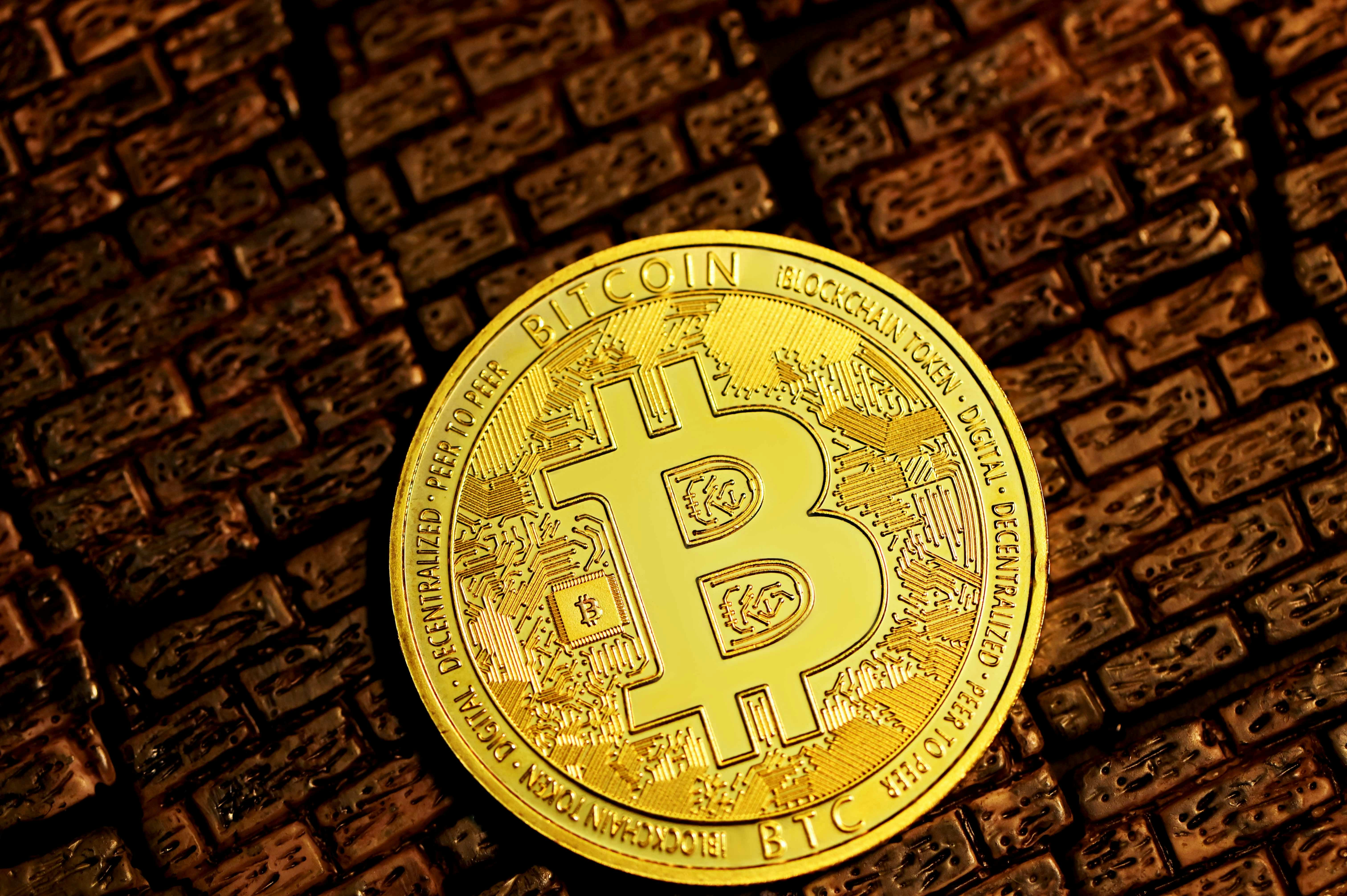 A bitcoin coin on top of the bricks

---

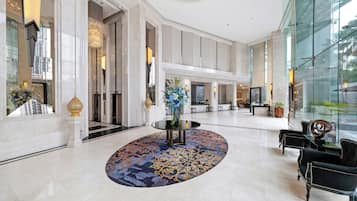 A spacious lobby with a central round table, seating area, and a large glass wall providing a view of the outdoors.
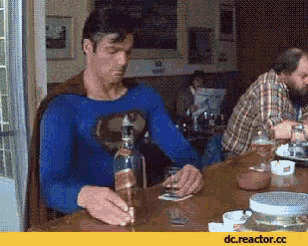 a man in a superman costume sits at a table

TASK DIRECTIONS:
If a picture sits between the line containing "A spacious lobby" and the line containing "a man in a superman costume sits at a table", leave it out, and return the lines of that range above exactly, both ends included.

OUTPUT:
 A spacious lobby with a central round table, seating area, and a large glass wall providing a view of the outdoors.
 a man in a superman costume sits at a table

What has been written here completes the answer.